Experiments were also made with sugar-cane growing and other varieties of culture, but much of the work was unskilfully directed. Dr. Lang related that when rice cultivation was attempted, instead of the natural seed being sown, manufactured rice bought from a grocery store was used; whereupon the climate was reported to be unsuitable for rice growing! In view of the fact that some thousands of men were kept at hard labour during the fifteen years that Brisbane was a convict settlement, and that the establishment cost many thousands of pounds, the amount of useful work done was very small. Governor Bourke in 1832 advised the abandonment of the Moreton Bay settlement, and in 1839 the prisoners were withdrawn from it. The original site was not up the river, where the city of Brisbane was built, but at Redcliffe, on the shore of Moreton Bay. After the abandonment of this position on account of the absence of water, the aboriginals called it Oompiebong, an ‘oompie’ (or, as more commonly spelt, humpy) being a hut, and ‘bong’ signifying dead; it was the place of the abandoned huts. Hence it is called Humpybong to this day.

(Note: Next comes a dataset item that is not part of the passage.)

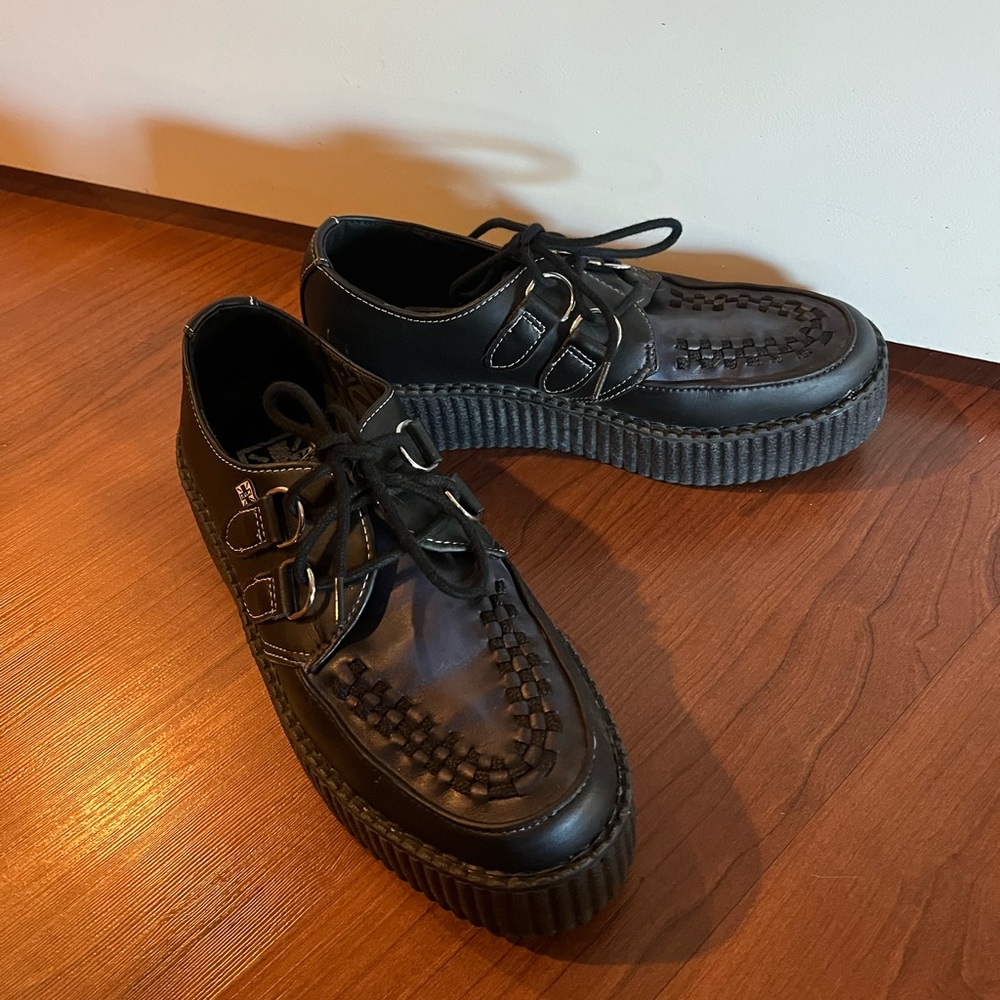 T.U.K Men's Creepers - Picture 3 of 6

During the penal period free settlers were strictly excluded from within fifty miles of Brisbane. The precaution was taken in order to make it very difficult for convicts to escape. Many did attempt to do so, aided by the thick scrub and the long grass, and perished. Others got away and lived for years with the aboriginals, but some of these became weary of the life, and at length surrendered. Messrs. Backhouse and Walker recorded that they found even women convicts wearing chains ‘to prevent absconding, which they have frequently done under cover of the long grass.’

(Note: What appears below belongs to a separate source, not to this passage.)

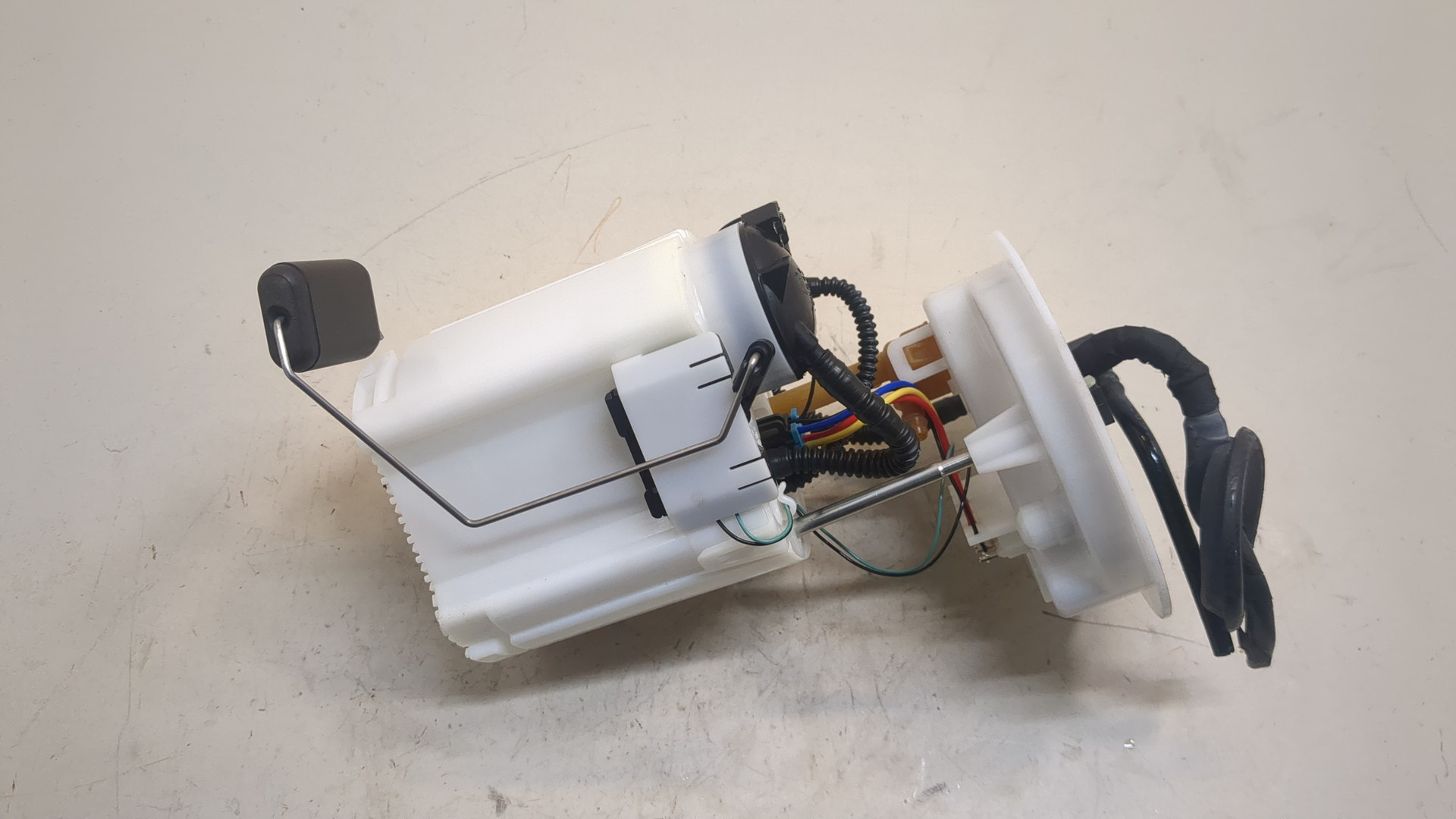 Насос топливный электрический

As related in Chapter XVII, Gladstone, while Secretary of State for the Colonies in Peel’s administration (1846), determined to resume convict transportation to Australia. As part of his policy he ordered the establishment of a new penal settlement at Port Curtis, 350 miles north of Brisbane. It was to be called Northern Australia, but is more generally known as the Gladstone Colony; and it must not be confused (as it has sometimes been) with the district of Gladstone on the west side of the Gulf of Carpentaria. Colonel George Barney, of the Royal Engineers, had been sent out to report upon the site, and he condemned it as unsuitable; but Governor Fitzroy rejected his advice, and founded the Gladstone Colony there in January 1847. The intention was that some prisoners who were sent abroad under the conditional pardon system should be deposited at this tropical station. They were to be called exiles, not convicts, and Gladstone had an idea of sending out women from the poorhouses of England, who were presumably to be married to the ‘Pentonvillains.’ Barney, who was to govern the establishment, was especially commanded by the Secretary of State to ‘promote by all possible means a healthy moral tone in the community.’

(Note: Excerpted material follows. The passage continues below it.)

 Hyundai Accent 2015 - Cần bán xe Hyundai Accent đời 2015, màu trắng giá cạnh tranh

But Gladstone was in office only a few months at this time, and his successor, Lord Grey, considered that the founding of the Gladstone Colony was ‘a needless and impolitic measure.’ Indeed, the despatch cancelling the order to found it was on its way before Colonel Barney, in the Lord Auckland, sailed from Sydney. He was ordered to remove the whole company forthwith, and by August not a soul remained at Port Curtis. When the Rattlesnake put into the bay in November she found only a few piles of bricks, some posts, wheel-ruts, and empty bottles, to indicate the former whereabouts of the last penal settlement controlled from New South Wales. Robert Lowe, in his Atlas newspaper, made much fun out of the failure, and Barney especially became the mark of his satirical muse. In verses ridiculing the Colonel’s search for a place for the erection of buildings Lowe wrote:
For six long hours he did the search pursue —
For six long hours — and then he thirsty grew;
Back to the rescued steamer did he steer,
Drew the loud cork and quaffed the foaming beer;
Then ate his dinner with tremendous gust,
And with champagne relieved his throat adust,
Fished for his brother flatfish from the stern,
And thus victorious did to Sydney turn.
The Gladstone colony had, however, one permanent result. Northern Australia was to have comprehended all of New South Wales above the latitude 26° S. It included very fertile land, and Governor Fitzroy was afraid that, if care were not taken, it would be all occupied by squatters in an unauthorized manner, much as the land north-west of Sydney had been in the early squatting days. He therefore decided to lay out a town at Port Curtis, and to place a Government Resident there to protect the rights of the Crown over the land. In these circumstances the town of Gladstone was founded in 1853. Captain Maurice O’Connell was appointed Government Resident, and held the office as long as the country remained part of New South Wales. When a separate colony was formed many favoured making Gladstone its capital, instead of Brisbane, on account of its more central situation; but the movement in that direction did not succeed.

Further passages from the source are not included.